Data for analysis:

========================================

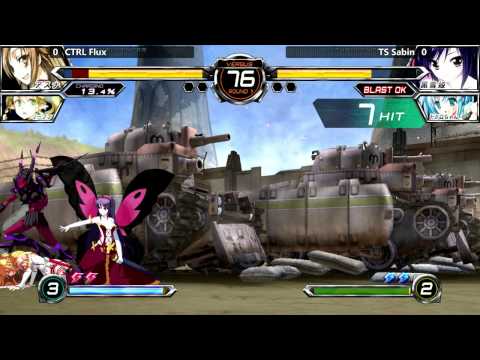 Dengeki Bunko Fighting Climax @ TSB Final Midnight Carnival - Part 1 [720p/60fps]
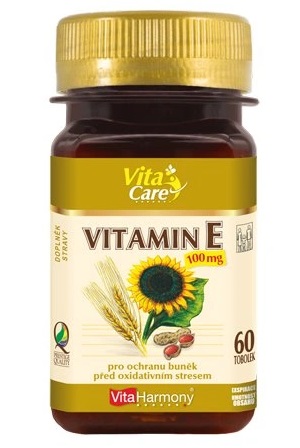 VitaHarmony Vitamín E 60 tablet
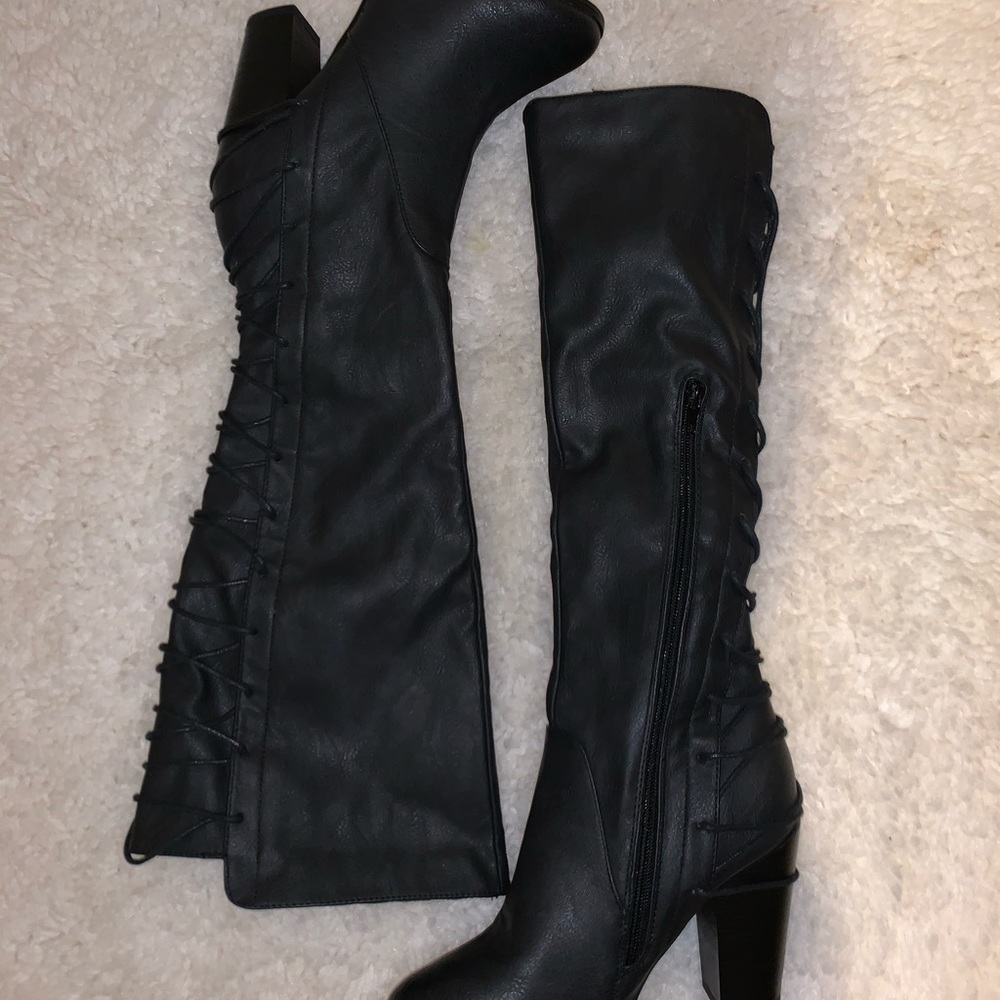 JustFab Krishna tall boot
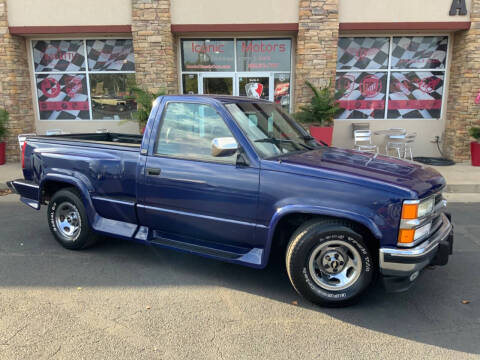 1993 Chevrolet C/K 1500 Series for sale at Iconic Motors of Oklahoma City, LLC in Oklahoma City OK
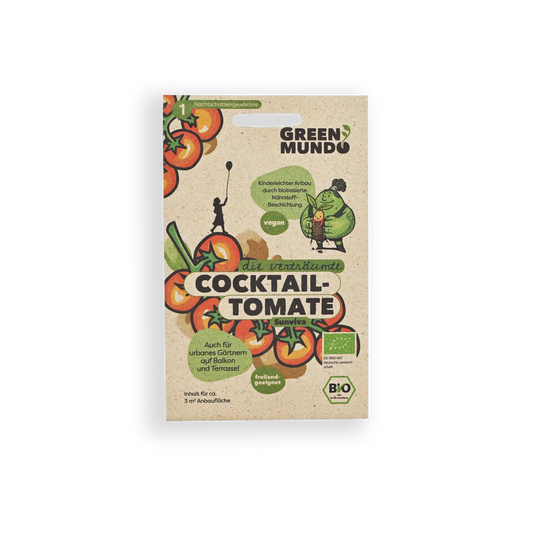 GREEN MUNDO Saatgut | Cocktailtomate Sunviva Bio & Samenfest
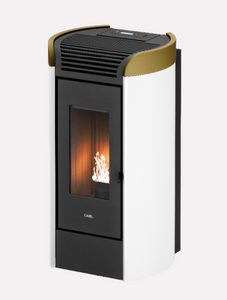 Stufa a pellet ventilata- CADEL FENICE 11 Plus
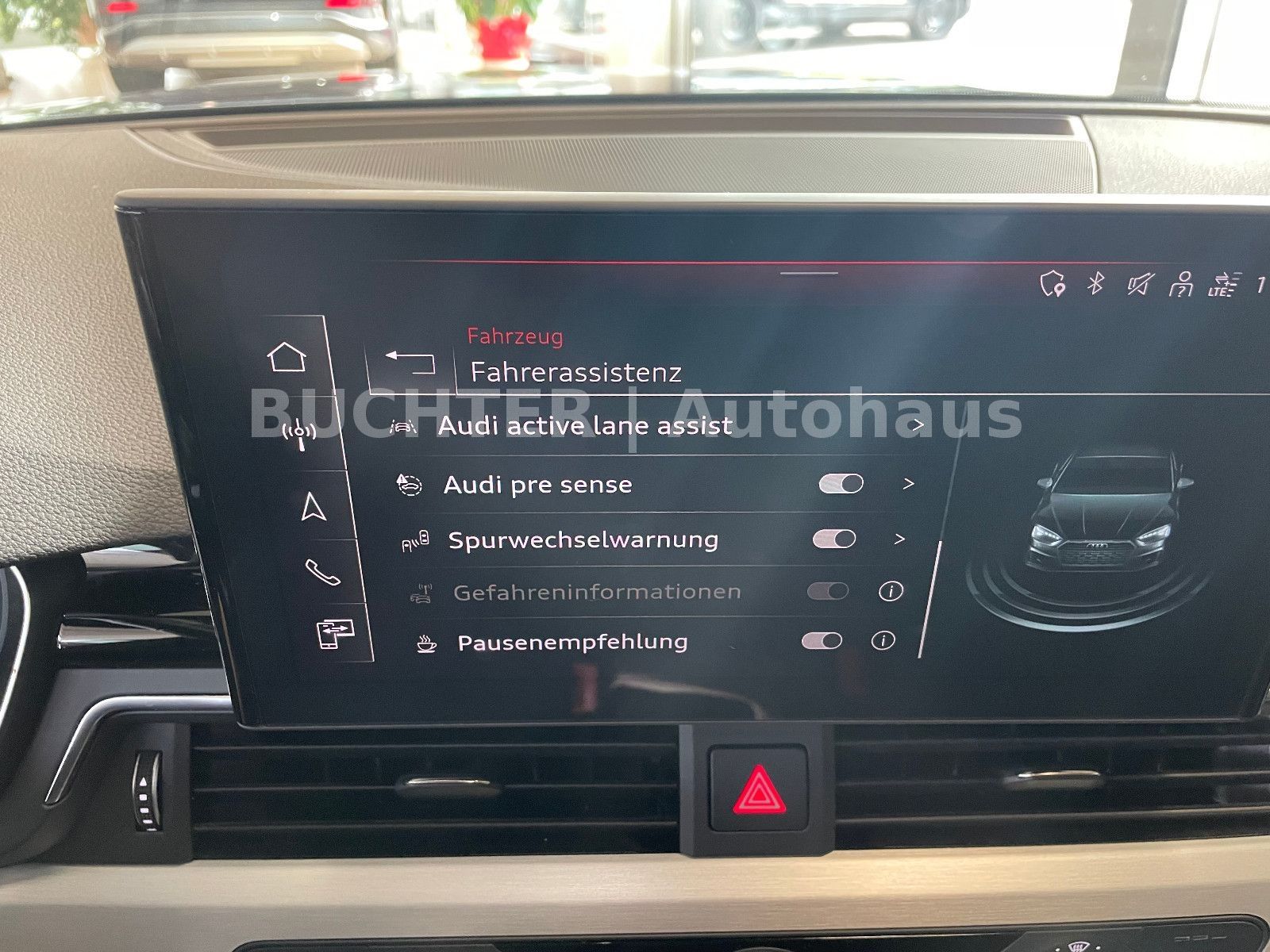 Audi A5 Sportback 40 TDI quattro S line B&O Navi Blac
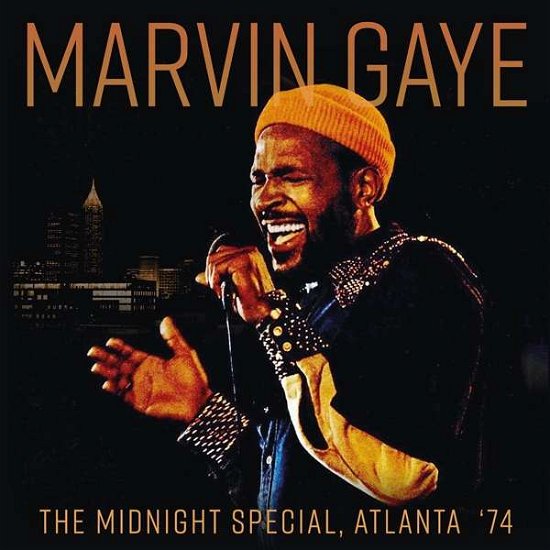 Cover for Marvin Gaye · The Midnight Special / Atlanta 74 (CD) (2016)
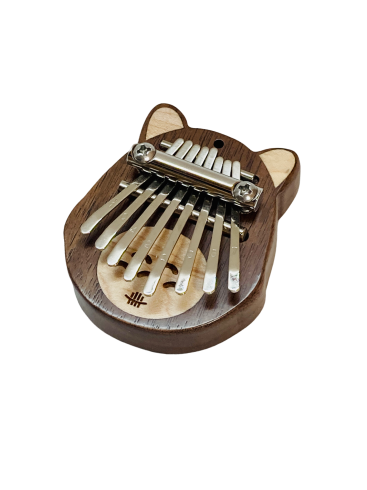 カリンバ ミニ(親指ピアノ) トトロ風 8鍵 / Kalimba mini - 世界の楽器 カリンバ ミニ(親指ピアノ) トトロ風 8鍵 / Kalimba mini - 世界の楽器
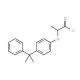 2-[4-(1-methyl-1-phenylethyl)phenoxy]propanoyl chloride - chemical structure image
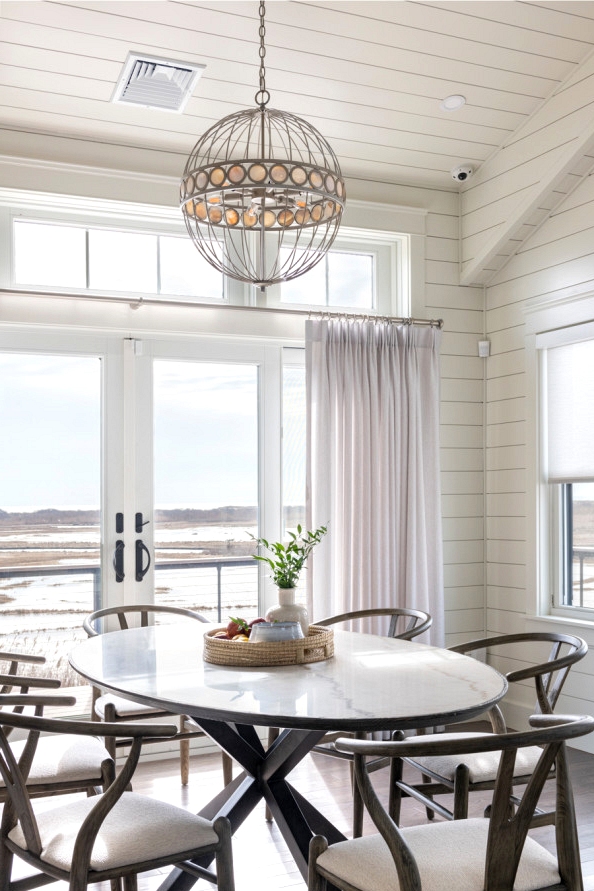 18 Splendid Coastal Dining Room Designs You Are Going To Stand In Awe For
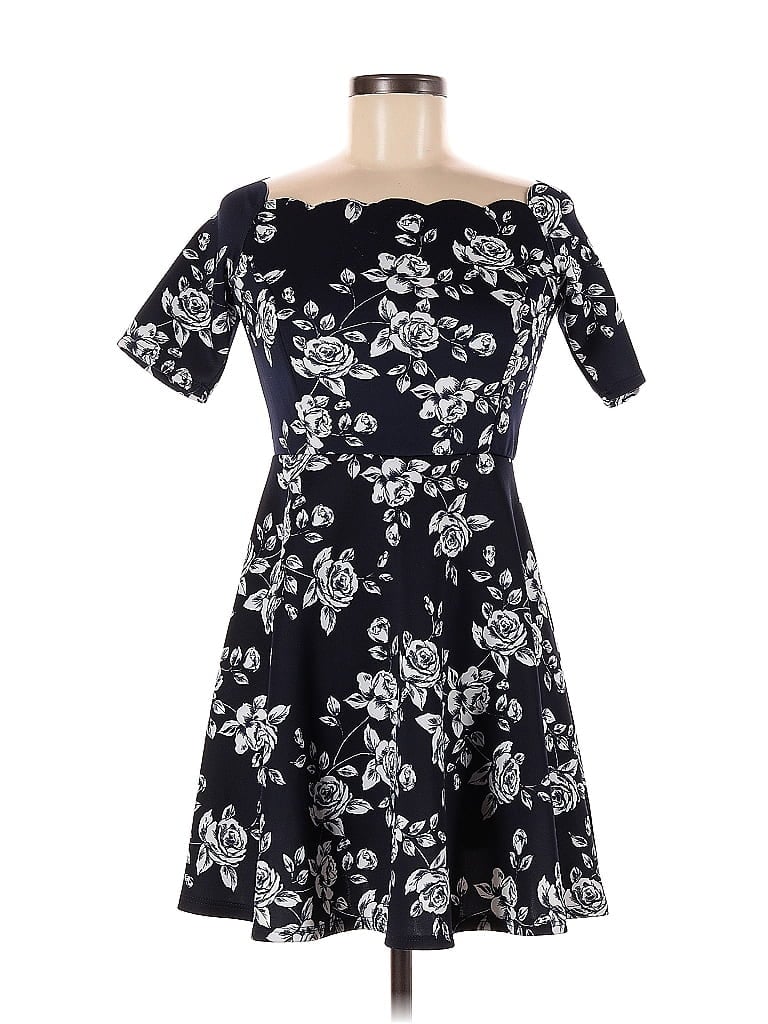 Pre-owned Nine Britton Cocktail Dress In Black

========================================

What needs to be done:
What is needed is an exact copy of every entry, with the pictures removed.

Reply to the task:
 Dengeki Bunko Fighting Climax @ TSB Final Midnight Carnival - Part 1 [720p/60fps]
 VitaHarmony Vitamín E 60 tablet
 JustFab Krishna tall boot
 1993 Chevrolet C/K 1500 Series for sale at Iconic Motors of Oklahoma City, LLC in Oklahoma City OK
 GREEN MUNDO Saatgut | Cocktailtomate Sunviva Bio & Samenfest
 Stufa a pellet ventilata- CADEL FENICE 11 Plus
 Audi A5 Sportback 40 TDI quattro S line B&O Navi Blac
 Cover for Marvin Gaye · The Midnight Special / Atlanta 74 (CD) (2016)
 カリンバ ミニ(親指ピアノ) トトロ風 8鍵 / Kalimba mini - 世界の楽器 カリンバ ミニ(親指ピアノ) トトロ風 8鍵 / Kalimba mini - 世界の楽器
 2-[4-(1-methyl-1-phenylethyl)phenoxy]propanoyl chloride - chemical structure image
 18 Splendid Coastal Dining Room Designs You Are Going To Stand In Awe For
 Pre-owned Nine Britton Cocktail Dress In Black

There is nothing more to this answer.